1 - CBAM here represents only the Channel Attention Module (CAM), Spatial Attention Module (SAM) was switched off.
2 - CBAM here represents both CAM + SAM. The specifications within the brackets show the way of computing the Channel Pool and the kernel size used for the convolution layer in SAM.

PyTorch code implementation of the Spatial Attention components:

import torch
import torch.nn as nn

class BasicConv(nn.Module):
    def __init__(self, in_planes, out_planes, kernel_size, stride=1, padding=0, dilation=1, groups=1, relu=True, bn=True, bias=False):
        super(BasicConv, self).__init__()
        self.out_channels = out_planes
        self.conv = nn.Conv2d(in_planes, out_planes, kernel_size=kernel_size, stride=stride, padding=padding, dilation=dilation, groups=groups, bias=bias)
        self.bn = nn.BatchNorm2d(out_planes,eps=1e-5, momentum=0.01, affine=True) if bn else None
        self.relu = nn.ReLU() if relu else None

    def forward(self, x):
        x = self.conv(x)
        if self.bn is not None:
            x = self.bn(x)
        if self.relu is not None:
            x = self.relu(x)
        return x

class ChannelPool(nn.Module):
    def forward(self, x):
        return torch.cat( (torch.max(x,1)[0].unsqueeze(1), torch.mean(x,1).unsqueeze(1)), dim=1 )

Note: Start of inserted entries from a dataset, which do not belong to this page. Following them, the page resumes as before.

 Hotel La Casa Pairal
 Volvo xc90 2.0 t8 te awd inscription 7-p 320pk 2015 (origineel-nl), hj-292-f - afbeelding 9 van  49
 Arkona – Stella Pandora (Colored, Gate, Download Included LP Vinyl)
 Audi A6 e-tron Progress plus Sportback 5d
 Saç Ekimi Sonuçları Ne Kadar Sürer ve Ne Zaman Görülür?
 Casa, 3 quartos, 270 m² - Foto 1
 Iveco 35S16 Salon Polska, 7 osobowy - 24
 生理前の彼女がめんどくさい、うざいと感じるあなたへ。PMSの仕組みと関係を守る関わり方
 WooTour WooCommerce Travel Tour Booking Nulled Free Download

class SpatialGate(nn.Module):
    def __init__(self):
        super(SpatialGate, self).__init__()
        kernel_size = 7
        self.compress = ChannelPool()
        self.spatial = BasicConv(2, 1, kernel_size, stride=1, padding=(kernel_size-1) // 2, relu=False)
    def forward(self, x):
        x_compress = self.compress(x)
        x_out = self.spatial(x_compress)
        scale = F.sigmoid(x_out) # broadcasting
        return x * scale
Spatial Attention Module (SAM) PyTorch Code

Channel Attention Module (CAM)

Channel Attention Module (CAM)

The Channel Attention Module (CAM) is another sequential operation but a bit more complex than Spatial Attention Module (SAM). At first glance, CAM resembles Squeeze Excite (SE) layer. Squeeze Excite was first proposed in the CVPR/ TPAMI 2018 paper titled: 'Squeeze-and-Excitation Networks'. To briefly recap, this is how the SE block looks:

SE block

To more concisely interpret a SE-block, the following diagram of SE-block from the CVPR-2020 paper titled "ECA-Net: Efficient Channel Attention for Deep Convolutional Neural Networks" shows the clear similarity between a Squeeze Excitation block and the Channel Attention Module in the Convolutional Block Attention Module (note: we will cover ECANet in an upcoming post in this series).

SE-block simplified

So what's the difference between Squeeze Excitation and Channel Attention Module?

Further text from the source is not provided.